Veteran trader Peter Brandt insists Bitcoin has still not recorded a breakout, urging caution despite the firstborn crypto’s recent gains.
In an analysis today, Brandt argued that Bitcoin’s recent movements do not yet constitute a “real” breakout. He focused on important structures and price points that Bitcoin must breach to qualify as a legitimate breakout.
The Bitcoin Inverted Broadening Triangle
Brandt’s chart shows an inverted broadening triangle pattern on the weekly BTC chart. The legendary analyst had previously identified this pattern, suggesting that Bitcoin would remain in a bearish setup as long as it trades within the structure.
Bitcoin’s recent push above the $71,000 level marks a new four-month high, triggering optimism within the trading community.
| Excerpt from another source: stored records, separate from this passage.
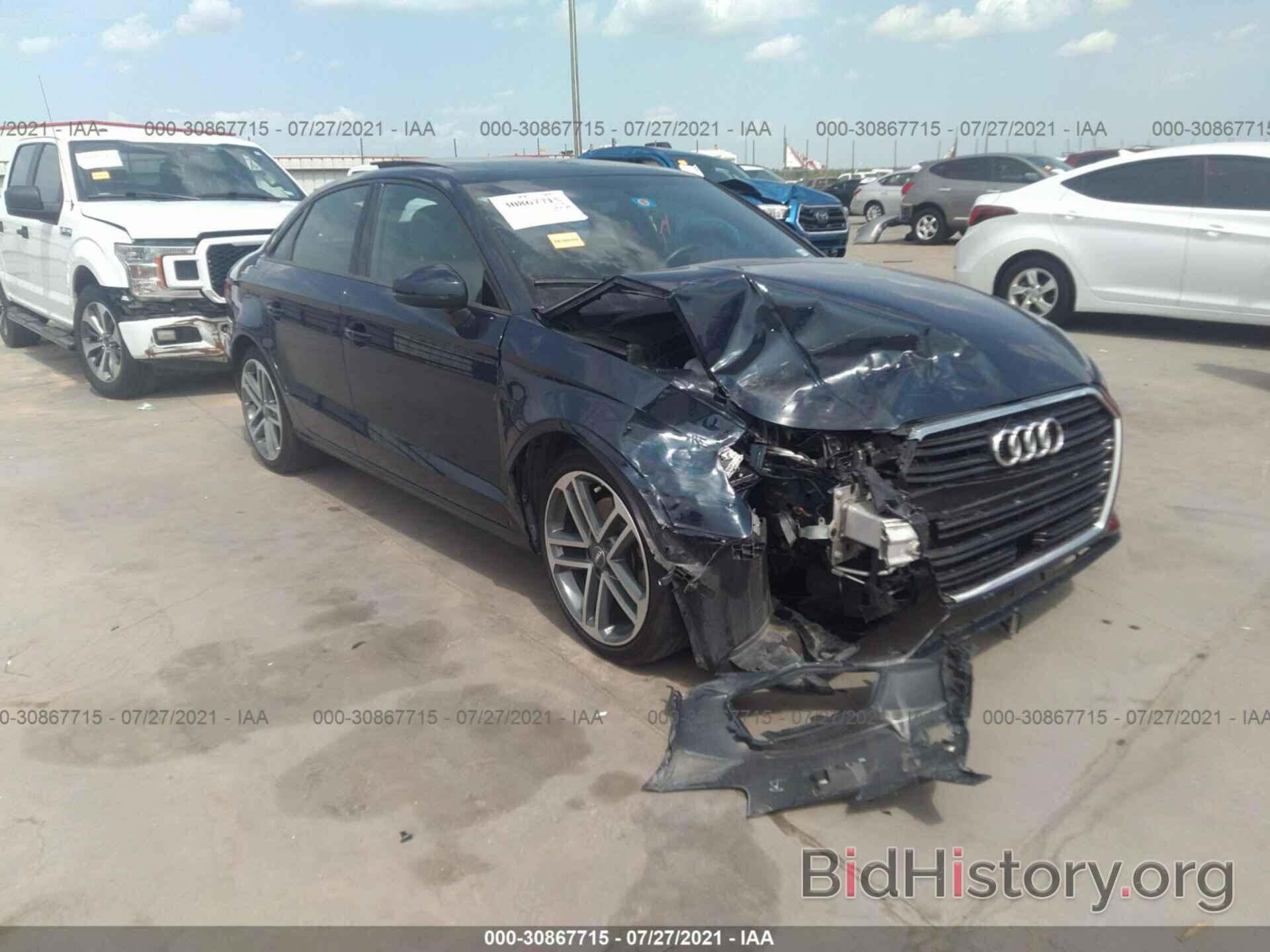 Photo WAUAUGFF9H1028329 - AUDI A3 SEDAN 2017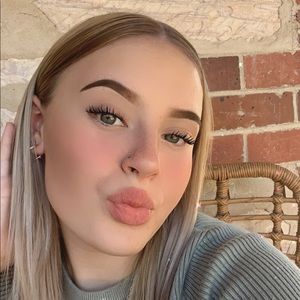 Meet your Posher, Elyssa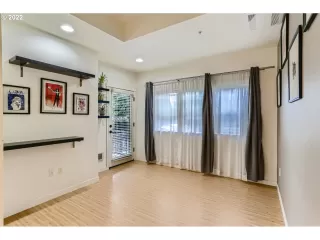 Photo #4: 22493268 Listing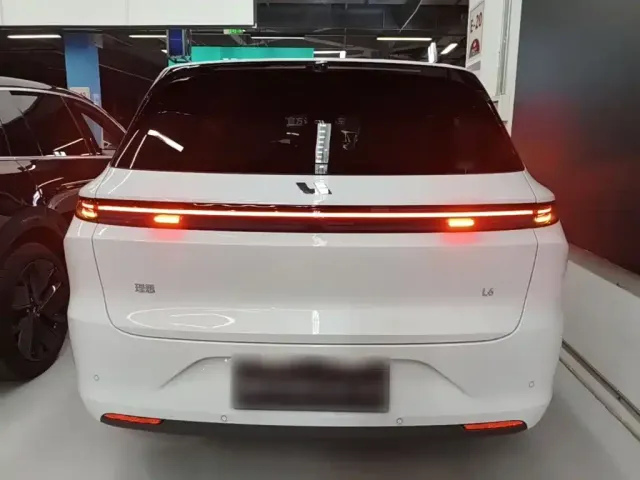 Li Auto L6 — Фото автомобиля 5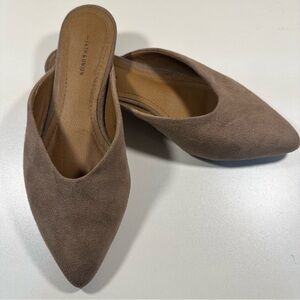 14th & Union Brown Suede Mules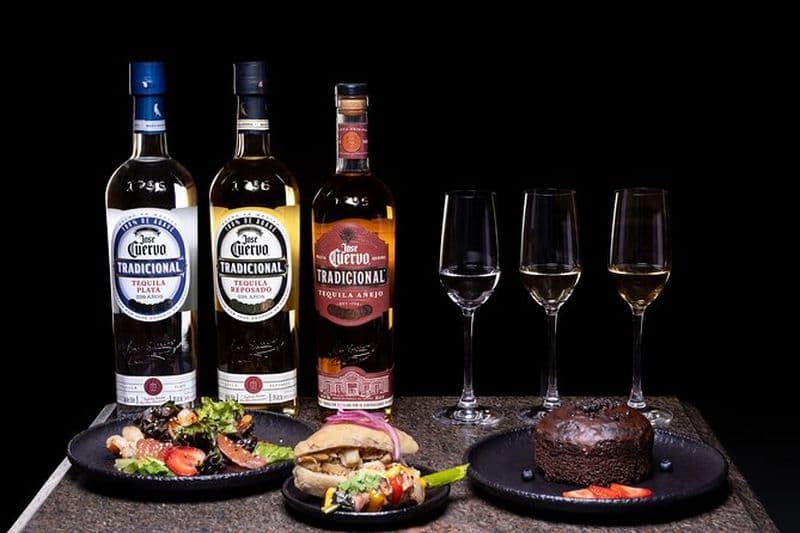 Expérience de dégustation et d'accords mets et vins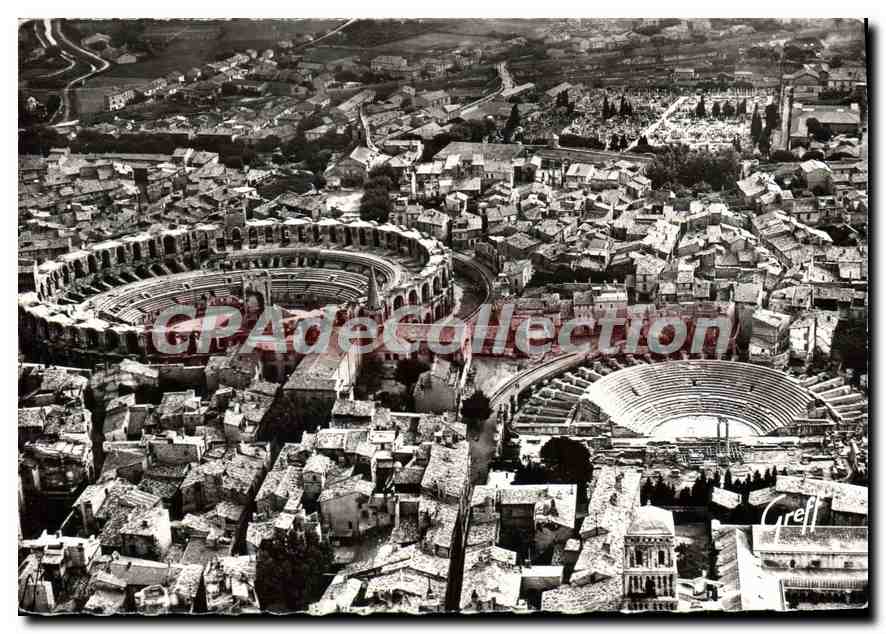 Arles (Bouches-du-Rhône) — Vue aérienne du Théâtre Antique — Greff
However, Brandt notes that while this advance has excited Bitcoin bulls, it falls short of a confirmed breakout.
Bitcoin Inverted Broadening Triangle | Peter Brandt
According to him, a mere “nicking” of the boundary lines—where the price touches or slightly surpasses the upper trendline of the triangle—does not translate to a true breakout.
Brandt insists that Bitcoin must reach specific criteria for a definitive breakout. For one, it should achieve a daily close above $76,000, ideally confirmed at midnight UTC on a Sunday, which would provide a strong weekly close to corroborate the upward momentum.
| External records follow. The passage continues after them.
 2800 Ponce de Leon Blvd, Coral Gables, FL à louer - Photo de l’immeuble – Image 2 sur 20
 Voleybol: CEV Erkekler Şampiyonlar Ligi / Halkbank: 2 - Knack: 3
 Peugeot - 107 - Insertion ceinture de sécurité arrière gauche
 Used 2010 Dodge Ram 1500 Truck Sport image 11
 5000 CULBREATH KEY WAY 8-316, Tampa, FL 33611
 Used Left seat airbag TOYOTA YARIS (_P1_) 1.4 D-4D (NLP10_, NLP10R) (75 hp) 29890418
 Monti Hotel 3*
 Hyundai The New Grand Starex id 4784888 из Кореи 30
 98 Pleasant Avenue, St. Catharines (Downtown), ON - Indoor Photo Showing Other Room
For context, the $76,000 mark both exceeds the triangle’s upper boundary and places Bitcoin above its March 2024 ATH, a major resistance point. This ensures that Bitcoin has moved beyond just “nicking” trendlines and has convincingly broken through prior highs.
Brandt also called attention to the challenges of trading diagonal patterns with slanted boundaries. Such formations are more prone to “false” breakouts. In this case, price movements seem to indicate a breakout but quickly revert. At press time, BTC trades for $71,561, up 3.6% in the last 24 hours.
Bitcoin Sees Resistance at Multi-Year Highs Against Gold
Meanwhile, in a separate chart, Brandt compared Bitcoin and Gold in a “heavyweight division” of the fight against inflation. In this chart, Bitcoin’s trajectory against gold shows a broader struggle over the past 42 months.
Despite periods of growth, Bitcoin has failed to surpass the 34.08-ounce resistance set in March 2024 and the double highs of 2021. These price levels form a horizontal resistance zone, acting as a ceiling that Bitcoin must breach.
BTCGLD 1W Chart | Peter Brandt
The BTC/GLD ratio currently sits at 25.88, still below both the March 2024 peak and the 2021 highs. Notably, Bitcoin’s inability to move above these levels for over three and a half years shows a lack of substantial progress.
However, in previous reports, Brandt has argued that Bitcoin still has potential to outpace Gold. Earlier this month, he predicted Bitcoin to soar to 123 ounces of Gold. In April, the market veteran insisted that BTC will rule over Gold and Silver for a long time.